Thursday, June 03, 2010

This Is What Abraham Lincoln's Memorial Said

Paul Goldberger, the architecture critic for the New Yorker, wrote a book last year (for the local book-makery) that I devoured on Tuesday, in between the end of the long weekend in Pittsburgh. (It was time for some much-enjoyed quiet time, first at Pamela's Diner in Oakland over coffee, then in a characterless reading room of the Carnegie Library, and finally in a couple of airports and planes.) I found it to be a great read, particularly since I love the arts but know next to nothing about architecture. Goldberger gives a fine introduction, not in a didactic way but by suggesting a bunch of avenues of approach when you think about architecture. And crucially for any writer about anything in the world, he constantly expresses both the excitement of appreciating his topic at hand, and he makes you immediately want to experience the tangible discussion pieces firsthand. (Good food writers do this and good music writers do this, in particular.)

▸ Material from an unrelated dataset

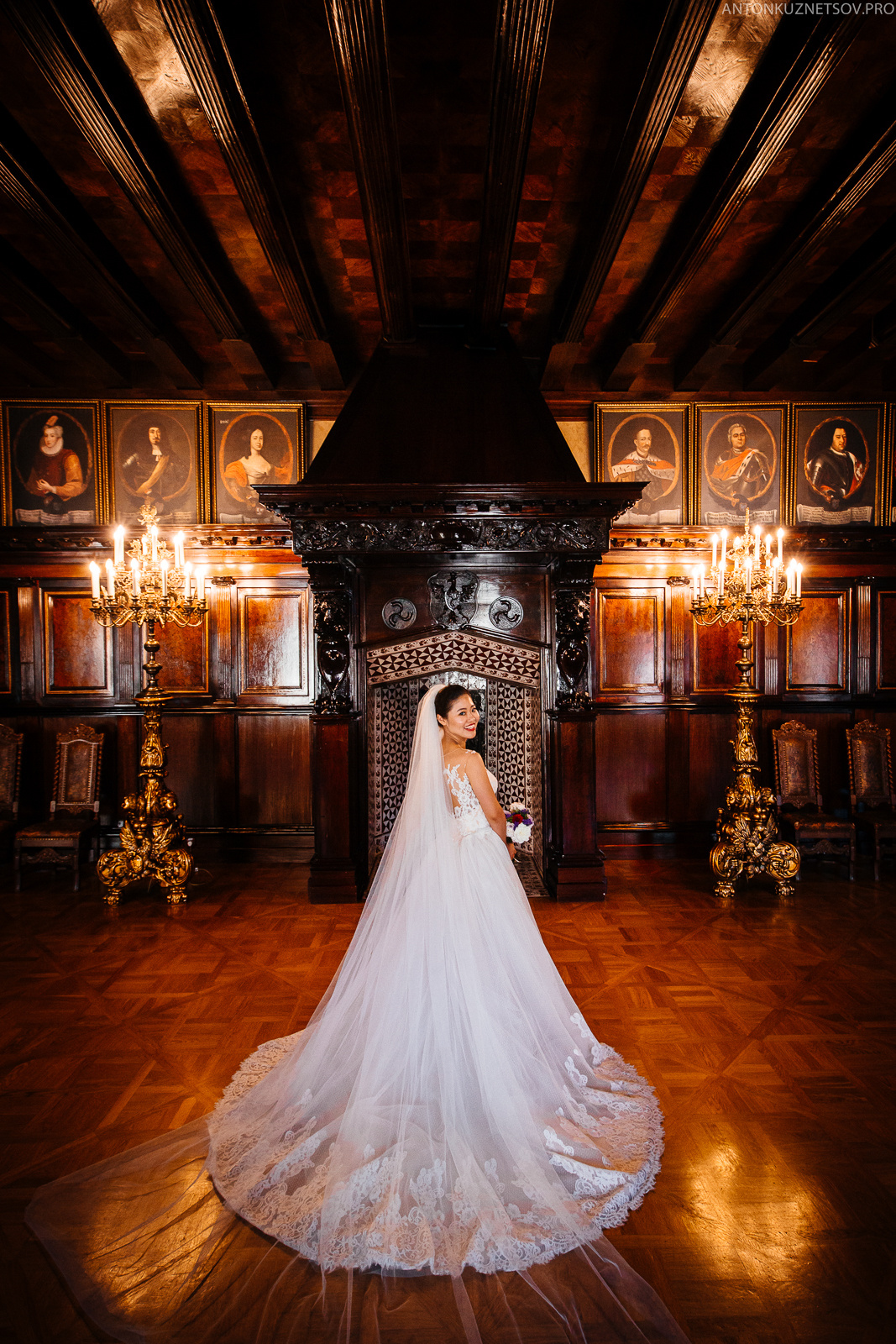 Best photos. Destination wedding photographer in Iceland, Spain, Italy, Greece and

He makes a particularly generous example of the Lincoln Memorial. Here's this completely familiar structure, which doesn't immediately suggest architectural daring, particularly for the early 1920s, when it was built. Goldberger:
The Lincoln Memorial ... is obviously a Greek temple in one sense, and in another it is not a Greek temple at all. The architect Henry Bacon created a masterwork that in many ways is as inventive and original as the modernist buildings created in Europe at the same time. ...

Bacon started with the Parthenon, yet he all but turned it inside out. The Lincoln Memorial is not a structure supported by columns, like a Greek temple, but more of a marble box surrounded by a colonnade. The walls are set inside, behind the columns, and they shoot straight up beyond them. The effect ... is of a classical coating applied to a brooding, almost primal geometric form. There is no attempt, then, to mimic the appearance of a real Greek temple; it is hard not to think that Bacon's real interest was to communicate the power of abstract form and the strength of silence. ...

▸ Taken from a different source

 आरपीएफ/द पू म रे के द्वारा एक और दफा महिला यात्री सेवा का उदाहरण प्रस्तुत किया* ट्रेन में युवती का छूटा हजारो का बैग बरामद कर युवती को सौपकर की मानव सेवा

To better balance the Capitol at the other end of the Mall, Bacon rotated his temple so that the long side served as the main facade and entrance, not the short end as at the Parthenon. He also eliminated the gabled attic present in real Greek temples ("attic" means Greek top), replacing it with a flat roof, rendering the building all the more abstract. ... The vocabulary of historical style can be used much more creatively than pure replication. In this case Bacon combined urbanistic concerns with scenographic ones to yield a building of startling grandeur and self-assurance.

The picture of the Lincoln Memorial immediately "pops" for me after this -- the austere central box, the structurally separate columns solemnly clothing it. The perspective changes the gravity of the building and its experience in general. I'll have to see it again now, possibly (as Goldberger notes a couple of times) at night, when its contrasts are played up even more.

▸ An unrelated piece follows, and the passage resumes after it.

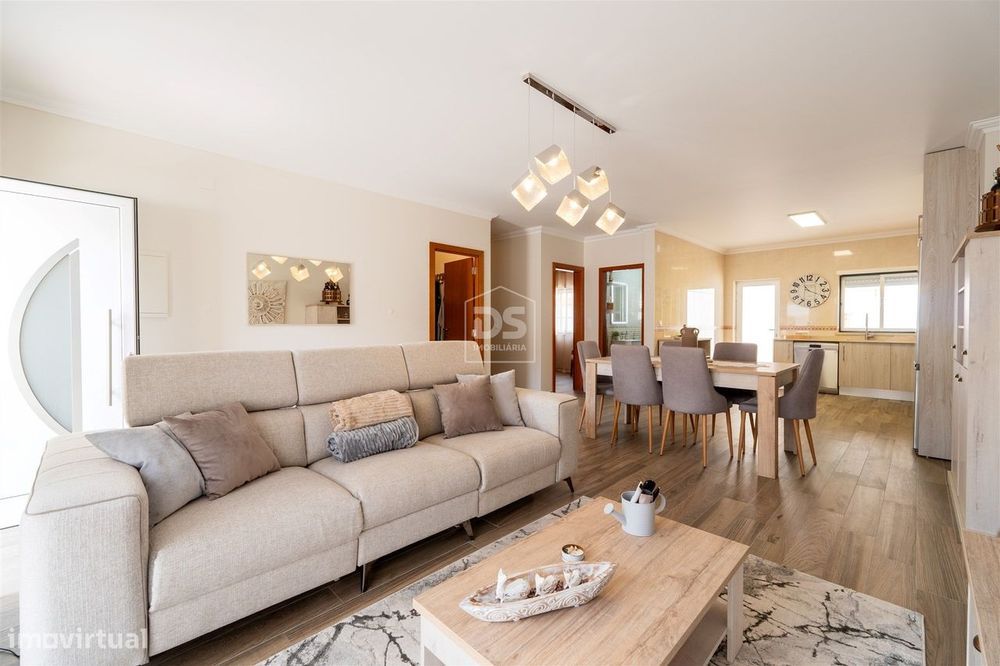 T4 Detached House for Sale in São Martinho do Porto, Alcobaça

Goldberger also has very positive things to say about Yale's famed neo-gothic architecture, which I'd really written off in my mind by now as ridiculously pretentious (except for buildings containing particularly good carillons.) So I will need to look around with a more open mind again. Grudgingly, I may even try the same for Paul Rudolph's concrete eyesore of a School of Architecture building. The Ingalls Rink I've got plenty of existing enthusiasm for already.